Death Hound

27 01 2010

25 January 2010 – Today, I suffered through excruciating pain on the soles of my feet. Also today I heard about yet another college batchmate passing on.

So you can imagine the thoughts running through my head: old age, dying… and then my lovely daughter sits beside me with her own thoughts about death. Specifically, mine.

Tala: So I’ll get that computer when you die, right?
Nanay: Not this one, anak.
Tala: Well, you can just give me the password before you die.





Capturing the Eclipse

16 01 2010

Photo by Tala Ysabel Vicente dela Pena. This photo was taken by my five-year old daughter. She and her father waited two hours for the eclipse to show up.
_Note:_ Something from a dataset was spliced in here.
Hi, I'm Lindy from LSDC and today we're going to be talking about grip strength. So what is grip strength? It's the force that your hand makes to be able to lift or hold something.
I am so proud!!!





The President is NOT

15 01 2010

08 January 2010 – Dear Tala,

You were born in 2004, a year of tumultuous elections for our country. As you turn 6 this year, we again are faced with very dangerous times as the elections near. If I compute correctly, and things continue the way they are now, you will be casting your first ballot exactly on your 18th year on this planet.
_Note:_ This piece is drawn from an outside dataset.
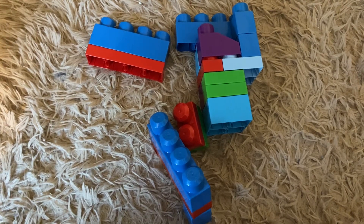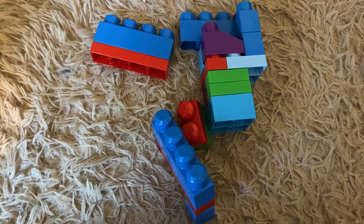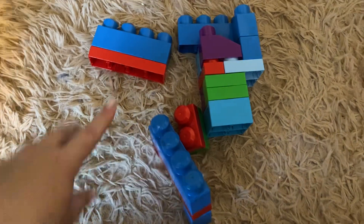Hi, my name is Crystal and this is a review of the Mega Block Legos. These are really nice.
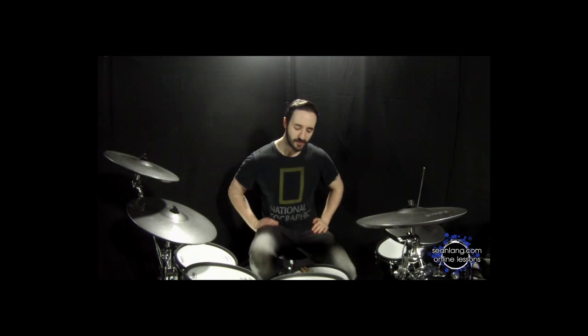Hey guys, I'm Sean Lang. Thanks for purchasing this lesson. This lesson is on broken double bass drum beats, sort of on the beginner side, but this is to do with triplets.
When you do, I hope you keep in mind some things:

The person who will become president will not put food on the table. She/he will not put clothes on your back, and she/he will put you through school. She/he will not buy you a computer or a car or a house. That’s not her/his job; that’s ours as your parents, and when you grow up, it will be your job.

The president’s job is to put things in order so that there will be food, clothes, schools, computers, cars and houses available for us to acquire with our hard-earned money. The idea is simple: we work, we get paid, we save up, then we can buy.

Speaking of jobs, the person who will become president will not give you one. Some people are lucky enough to inherit jobs, or even get introduced to the right people who will give them jobs. Most people, though, work very hard in school or wherever else to study their craft, and labor to get to jobs and positions that they desire.

The president will not give you a job directly. Instead, she or he will need to work hard to help make our economy very good so that companies will want to come here and employ us. Again, the idea is simple: we study, we get jobs, then we earn.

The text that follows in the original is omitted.